People + Strategy Journal

Fall 2020

Insight into Action

How then do you navigate organizational design in a digital age? Embrace cycles of learning, prioritize value creation, leverage teams, disrupt status quo and design based on performance.

By Marc Sokol

Navigating the Future of Organizational Design in a Digital Age

While it is common to contrast present with anticipated future when focusing on change, this issue of People + Strategy offers a different image of how we move toward organization design for a digital age. Think of yourself as having to navigate toward the future; the path is not a straight line. You will, in fact, need to tack back and forth, embracing the seas and winds that surround you. You learn as you go, making adjustments and keeping your crew aligned as you discover the way forward. Here are some implications I see from contributors to this issue.

There are many paths forward. As Bob Johansen notes, the future will combine digitally amplified humans and human-centered machines. The easy part is recognizing where automated process and technology dramatically adds value and clearly should replace human action. Also easy is where digital capability enhances human insight, but human-centered performance must remain at the forefront. Robo-advisors at the low end of wealth management and personal advisors at the high end is just one example. Harder to determine are situations where it depends, requiring us to discover how we offer unique value. HR can partner with technology and finance groups to facilitate such evidence-based discovery, mitigating emotional resistance away from or overzealous movement toward digitally-based designs.

Organizational transformation for a digital age requires a multi-dimensional playbook. Rebecca Macieira-Kaufmann offers a compelling view that this requires a team, whose members bring each other along, and where leaders understand how to engage those at different ends of the change spectrum. With help from HR, leaders then manage tensions that arise when we jointly rethink customer experience and business operations as integrated digital processes, and as we balance customer, employee and shareholder expectations. Ingrid Estrada shares the story of how Keysight Technologies achieves world leadership via innovation in digital design with a clear leadership model that guides action at all organization levels, and by engaging employees and customers as partners in process evolution.

HR can prioritize a climate to engage and learn as central for the journey. Christopher Worley reviews how agile practices enable learning and change. The Coca-Cola Company similarly provides real life examples of being a learning organization at scale. Quoting one of their leaders, the core competency is being “okay with not knowing the ultimate answer, being clear on principles and strategy to get started, then let learning and agility drive our answers.”

Purpose powers performance. Joe Whittinghill and CEO Satya Nadella of Microsoft each share a perspective for organizations of the future. They believe the soul of organizational design in a digital age lies not in technology alone, but also in each employee’s experience of purpose and meaning. Yes, digital capabilities will allow companies to emerge from the pandemic faster and stronger, but the real winners will equip their people to be agents of ongoing design and foster a culture of collaboration. Start with why and let the ensuing organizational design enable values into action. As leaders draw attention to these actions and what they represent, we see culture become more coherent and stronger across the enterprise.

Organizational design in a digital age needs to balance compliance, influence and value creation. The path to rethinking digital design starts with changing our mental maps. Metaphors like “navigating the journey” are helpful. Niels Pflaeging, Silke Hermann and Brad Winn also suggest we change our visual images, getting beyond those rooted in the traditional organization chart. That still has value for its capacity to suggest control, but other visuals are just as important, such as social network models of how people are really connected and influence via relationships. They advise us to also visualize a customer value chain where external reputation drives design. Digital design, extending from this perspective, embodies all three mindsets, designing for control and compliance, for influence and for value creation.
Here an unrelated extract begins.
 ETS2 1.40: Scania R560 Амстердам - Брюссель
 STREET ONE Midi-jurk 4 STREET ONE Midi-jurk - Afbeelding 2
Manage the level of tension to drive change forward without derailing it. Executive Roundtable participants reflect on their lessons of leading change. While there are many, one to remember is that senior executives have to create enough discomfort to shake people out of old patterns of thinking, but not so much that they become paralyzed. It’s like a chef turning up the temperature to get a good simmer going while things cook while not letting it boil over or cool down prematurely.

How then do you navigate toward organizational design in a digital age? Five elements seem essential:
  1. Embrace PDCA (plan-do-check-adjust) cycles of continuous learning.
  2. Prioritize value creation, looking to informal networks and hierarchical controls to be in sync. 
  3. Leverage teams for innovation and an enterprise mindset to drive overall system performance.
  4. Be willing to disrupt status quo, challenge sacred cows and increase others’ anxiety up to point where it isn’t paralyzing.
  5. Design based on the core principle to enable, not just control, performance.
All have existed well before the current century. Digital capabilities however accelerate all five, allow increased insight and transparency, and permit us to move beyond geographical and brick-and-mortar constraints of the past. As you navigate your company’s future, focus on digital execution of these practices, and you will surely find yourself sailing in smoother waters.  

Marc Sokol, Ph.D., is Editor-at-Large for People + Strategy and Founder and Principal Consultant at Sage Consulting Resources, LLC.